O engenheiro Gabriel Delanne também transformou-se num preparadíssimo divulgador espiritista, escrevendo mais de uma dezena de obras importantíssimas, muitas falando do ectoplasma, e das quais citaremos "As Aparições Materializadas e Katie King - História de suas Aparições".

Também o célebre astrônomo Camille Flammarion (1842-1925), colaborador de Kardec na Codificação do espiritismo, dedicou-se ao estudo da materialização, vulgarizando os fenômenos em vários livros.

Na Alemanha, figura notória em torno do estudo do ectoplasma foi o famoso barão Scherenck-Notzing (1862-1929), autor de vários livros sobre o assunto, dentre os quais "Fenômenos de Materialização", "O Combate pelos Fenômenos de Materialização" e "Fenômenos Físicos da Mediunidade". Esse estudioso carreou enormíssima quantidade de cientistas de peso a tais estudos e à aceitação da tese espírita.

Merece ser citado também o famoso astrônomo alemão Johann Carl Friedrich Zòlnner (1834-1882), que dedicou-se a aprofundados estudos sobre os fenômenos parafísicos, escrevento o livro técnico Física Transcendental.

Devem-se-lhe também estudos valiosos em torno do conceito e prova da desmaterialização de objetos inanimados e de médiuns.

Dos italianos poderíamos também nos alongar em farta citação de grandes nomes de pesquisadores das materializações ectoplásmicas, como o criminalista Cesar Lombroso, o dr. Henrique Morselli, o dr. Henrique Imòda, sem nos esquecer do principal, o prof. Ernesto Bozzano, autor de cerca de quarenta obras espiritistas, das quais lembraremos, no nosso tema, "Materializações Minúsculas", importante documentário sobre tal tipo específico de ectoplasmia.

Da Rússia, citemos o mais conhecido, ou seja, o conselheiro Alexandre Aksakoff, cujas obras "Animismo e Espiritismo" e "Um Caso de Desmaterialização" muito contribuíram para a compreensão dos fenômenos ectoplásmicos.

E quanto aos médiuns mais famosos que se prestaram às experiências com ectoplasmia, citemos apenas alguns: Florence Cook, Eusápia Falladino, Linda Qàzzera, Elisabeth D'Espérance, Eva Carrière, Franck Decker, Frank Kluski, Helen Ducan, mme. Salmon, Elisabeth J. Compton, Eleonor Piper, Stephan Ossowiecki, Katleen Qoligher.

No Brasil citemos os conhecidos médiuns Peixotinho, Elvira Goulart, a paraense Ana Prado, com fenomenologia fartamente estudada, e o famoso Carmine Mirabelli, do qual o livro "Prodígios da Metapsíquica", de Eurico Goes, divulga tantos fenômenos.

Célebres ficaram em nosso país, por atingirem uma época de explosão comunicativa, as materializações de uma freira em Uberaba, MG, com a médium Otília Diogo e a participação de Francisco Cândido Xavier, bem assim as materializações ocorrendo há mais de meio século em São Paulo, com manifestações ectoplásmicas do Espírito padre Zabeu Kauffmann.
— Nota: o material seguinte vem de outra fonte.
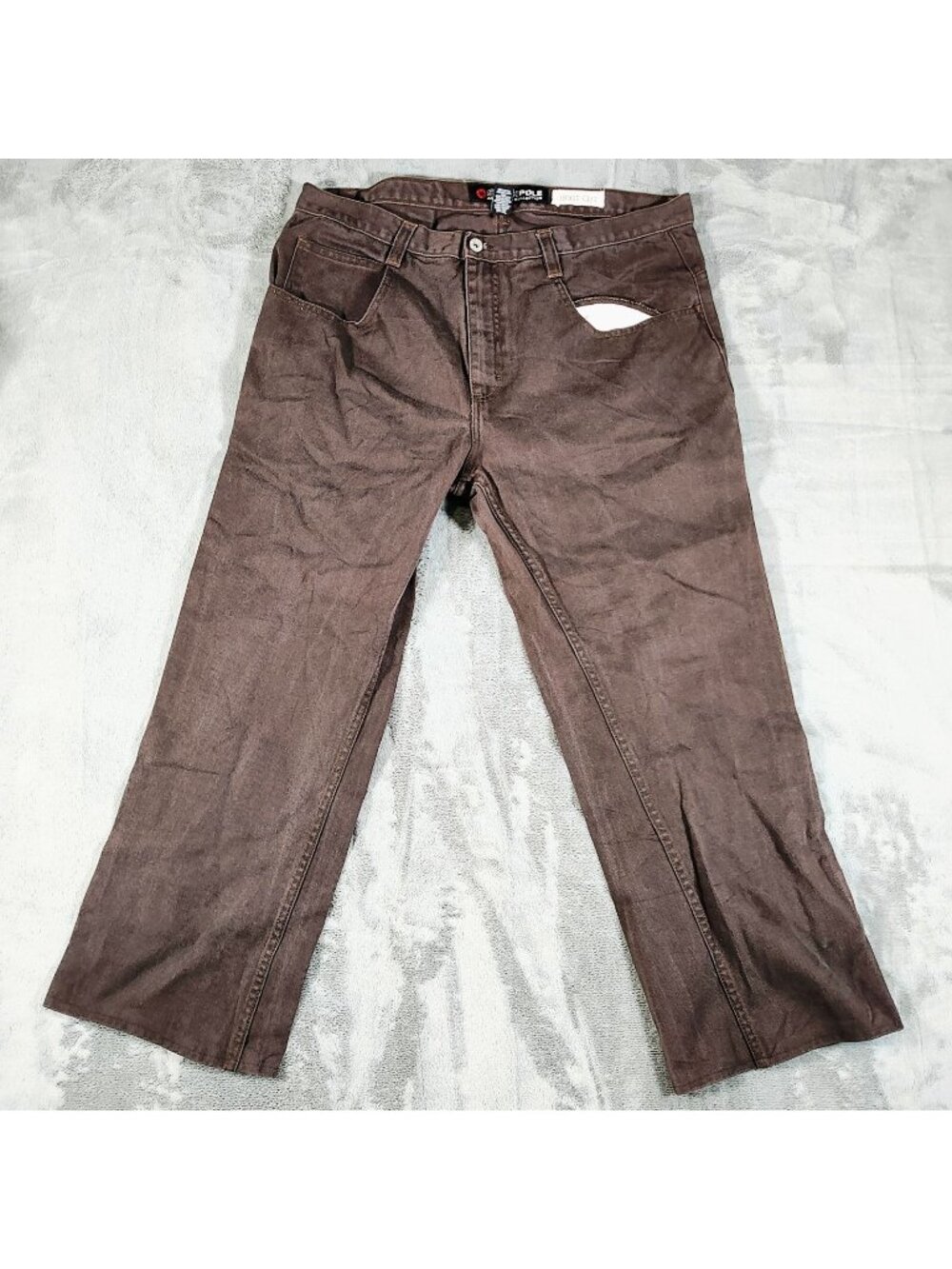 Southpole Authentic Collection Y2K Mens Boot Cut High Rise Brown Jeans Size 38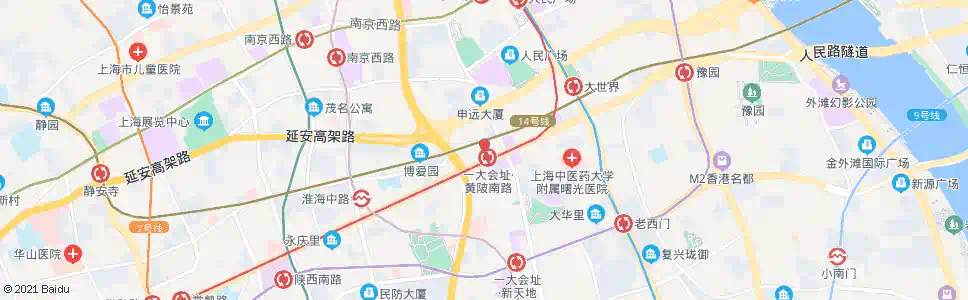 上海黄陂南路站_公交站地图_上海公交_妙搜公交查询2025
Dos pesquisadores e autores brasileiros que se preocuparam com a ectoplasmia, citemos o dr. nogueira de Faria, autor de "O Trabalho dos Mortos"; Ettore Bosio, autor de "O que eu vi"; e Rafael A. Ranieri, autor de "Materializações Luminosas".

Mais recentemente temos Carlos de Brito Imbassahy, autor de "As Aparições e os Fantasmas - Experiências Ectoplásmicas", e dr. Hernâni Guimarães Andrade, autor de vários livros científicos sobre espiritismo.

Também grande conhecedor do tema no Brasil é o escritor Jorge Rizzini, autor do livro "Materializações de Uberaba", importantíssimo documentário sobre os fenômenos de ectoplasmia que mais marcaram a história do espiritismo brasileiro e que mereceram inclusive um pequeno opúsculo de defesa por parte do filósofo espírita .J. Herculano Pires.